Niels Swinkels on October 6, 2015
Composer Ted Hearne Photo: Nathan Lee Bush

Wherever he may be, composer Piotr Ilyich Tchaikovsky must be grimacing every time an audience falls for the faux ending of his Sixth Symphony in B Minor, the “Pathétique,” by clapping after the third of its four movements. It happened again last Friday, October 2, at Davies Symphony Hall, with Michael Tilson Thomas conducting the San Francisco Symphony.

The confusion is understandable: Both the gloomy opening Adagio and the crippled waltz that is the second movement of the Pathétique end in dark quietude. But the upbeat third movement is a propulsive, rousing march which goes out on a very satisfying brassy climax. It almost invariably draws applause.

And then Tchaikovsky hits the listeners over the head with the Pathétique’s real finale: an Adagio Lamentoso that is a highly personal statement of profound sadness and pain, which ends with a pulsating heartbeat in the double basses that fades away into nothingness.

For MTT, who conducted the piece with the score unopened, and the members of the S.F. Symphony, the Pathétique is familiar terrain. They took Tchaikovsky’s emotional account and carefully worked it to its full, gut-wrenching effect with beautiful solo and ensemble work from the brass and woodwinds.

The Pathétique concluded a concert that opened with the West Coast premiere of Dispatches, a composition by American composer Ted Hearne (b. 1982), co-commissioned by SFS and the New World Symphony (NWS) in Miami, MTT’s other orchestra, of which he is founder and artistic director. Dispatches was led by 25-year-old German conductor Christian Reif, who recently concluded his first season as Conducting Fellow at the NWS and made his SFS debut with these performances.

As he yielded the baton to Reif, MTT called Dispatches an “extraordinary … stream of consciousness concerto for orchestra which goes through many different styles.” Hearne himself says that Dispatches is about bringing the sounds of the outside world into the space of the concert hall and calls it “a good piece for someone who wants to see the orchestra strut their stuff.”

Soprano Susanna Phillips

There is very little to add to these statements. Hearne created a lot of stuff for the orchestra to strut, in his sonically colorful, richly textured composition.

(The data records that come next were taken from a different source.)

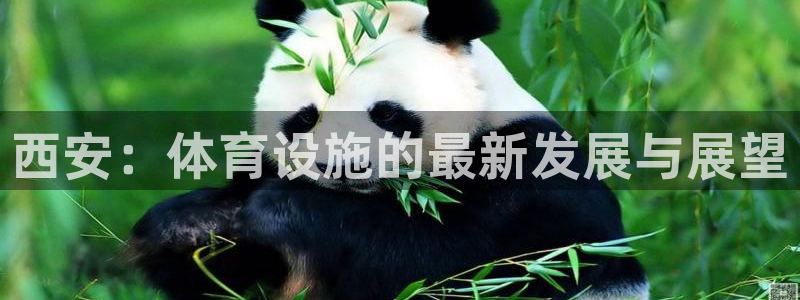 意昂4娱乐下载：西安：体育设施的最新发展与展望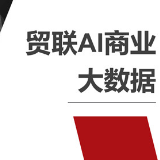 新的经济蓝海：贸联AI商业大数据中心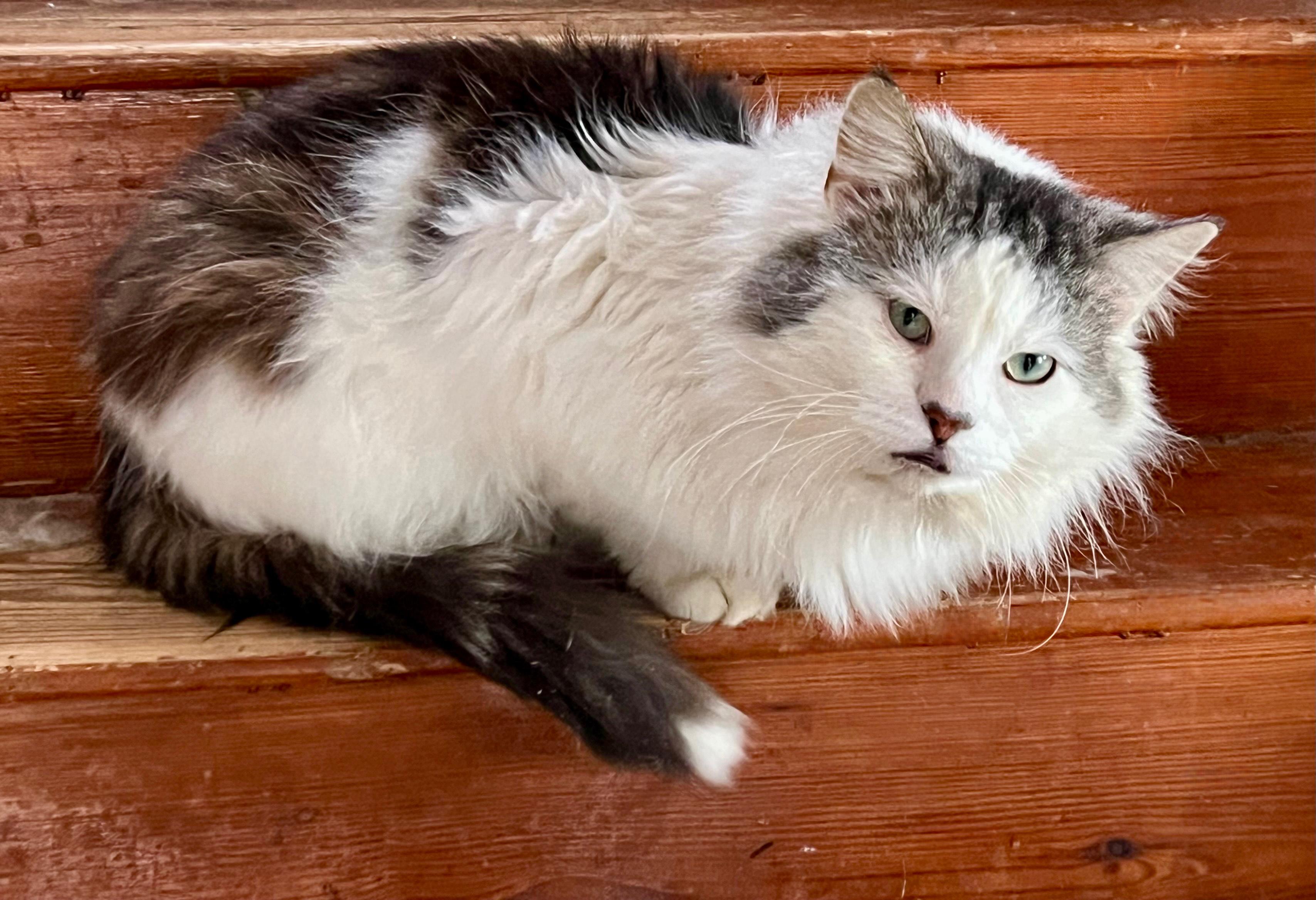 Enlarge AUGIE, a Adoptable mixed breed in Churchville, PA image 3/6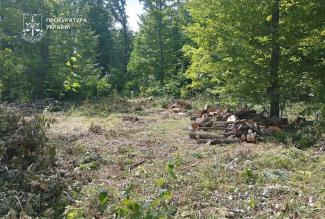 незаконна вирубка дерев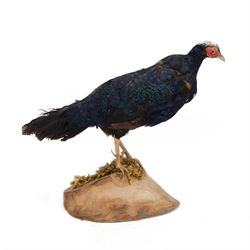 Taxidermy: Melanistic Cock Pheasant (Phasianus colchicus), full male adult mount upon a wooden base, H40cm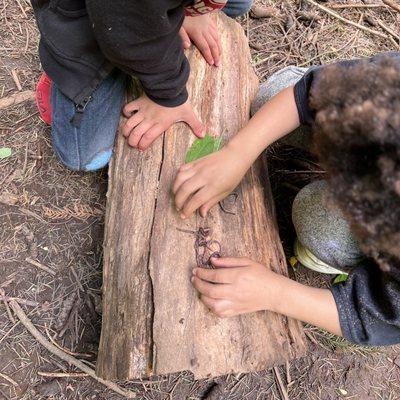 Worm digging is a favorite pastime at Nature School!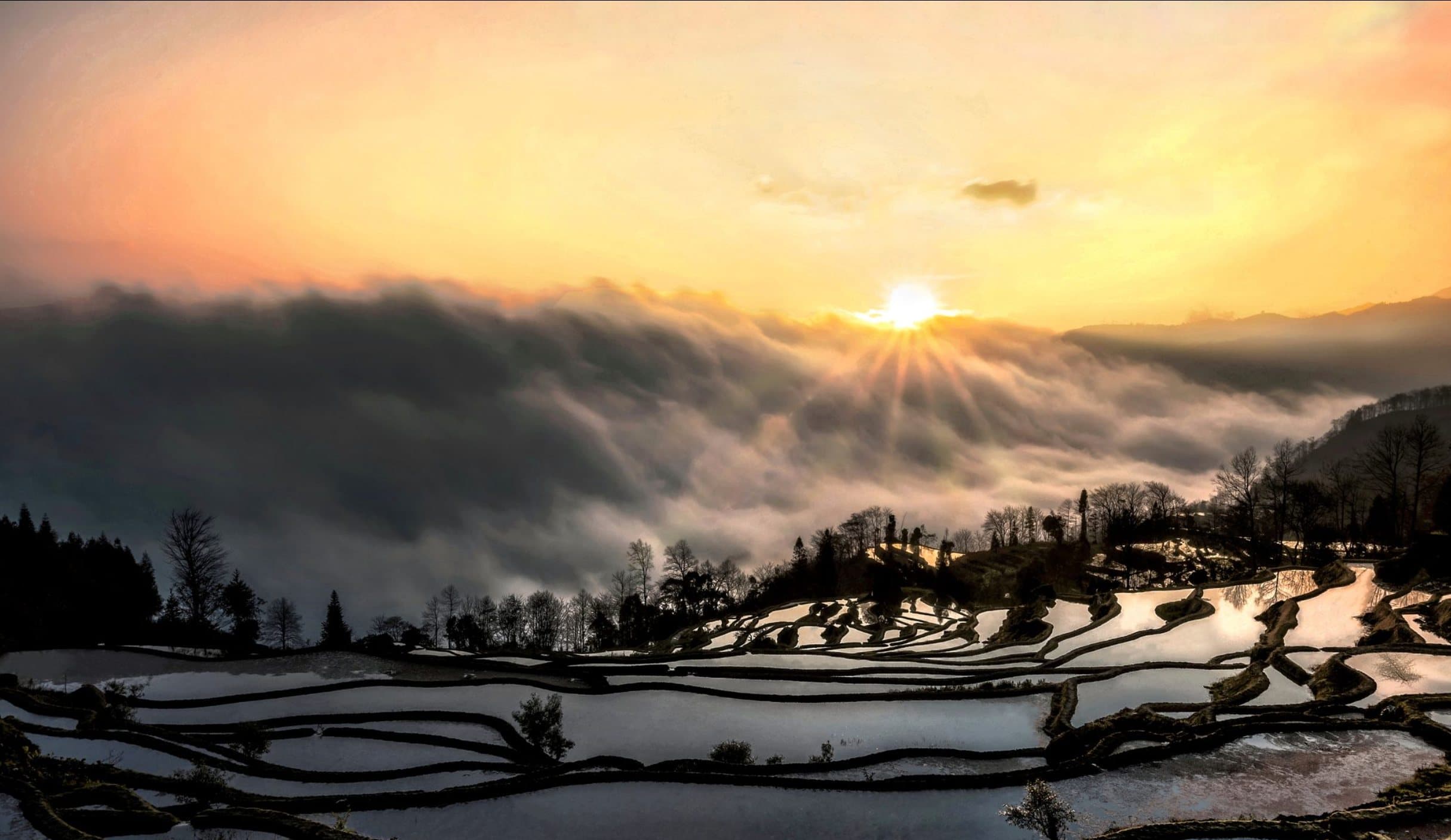 Sunrise over a sea of clouds and rice terraces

But the piece was all about sound and sound experiment, rather than about melody and emotion. Hearne introduces feedback, amp noise, and distortion by adding an electric guitar and bass guitar to the orchestra, and his musical themes are short, mostly percussive snippets that break up, dissolve, and organically grow and shrink.

Unlike Dispatches, Samuel Barber’s Knoxville: Summer of 1915 for soprano and orchestra is all about melody and emotion. With a text by American writer James Agee, this “lyric rhapsody” describes an idyllic summer evening in the South as remembered by a child who is about to fall asleep amidst the sounds of grown-ups, sitting on their porches and talking while a streetcar passes with clanging bells.

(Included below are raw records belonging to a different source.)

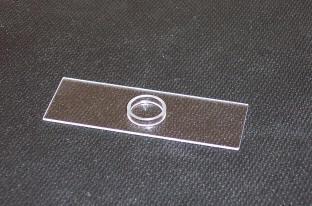 CRAIC Technologies quartz slides & wellslides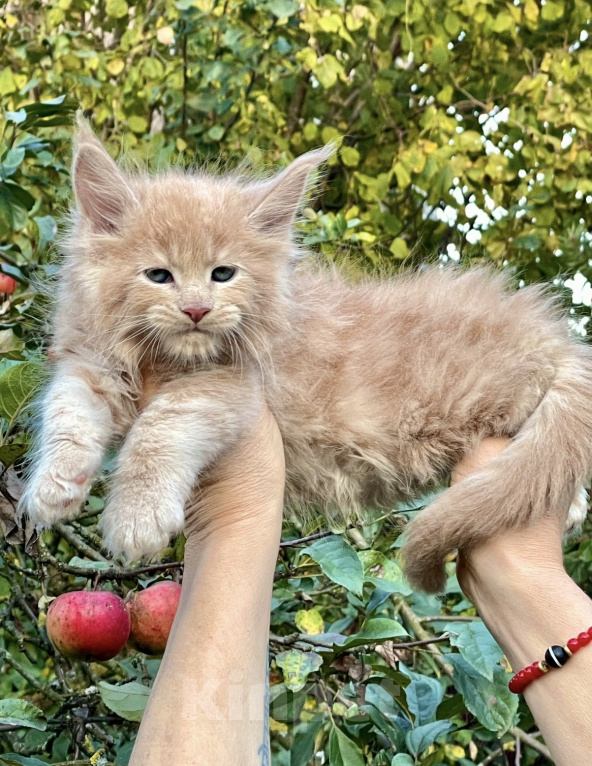 Кошки в Санкт-Петербурге: Мейн кун котенок кремовый Мальчик, 60 000 руб. - фото 1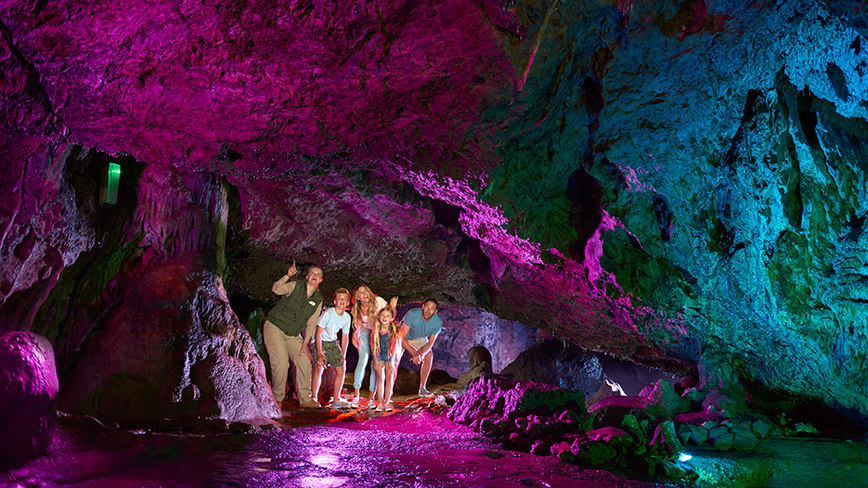 A guide in an underground cave which is illuminated with purple lighting points out some highlights to a family of four who are all looking upwards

Soprano Susanna Phillips, who was born and raised in Alabama, has a strong connection with the imagery in Knoxville from her own memories of Southern summer evenings, and it showed. As if from personal experience and enunciating beautifully, she casually ‘narrated’ Agee’s gently meandering prose over Barber’s lush and evocative orchestral colors, with her soothing and graceful voice. It was absolutely lovely.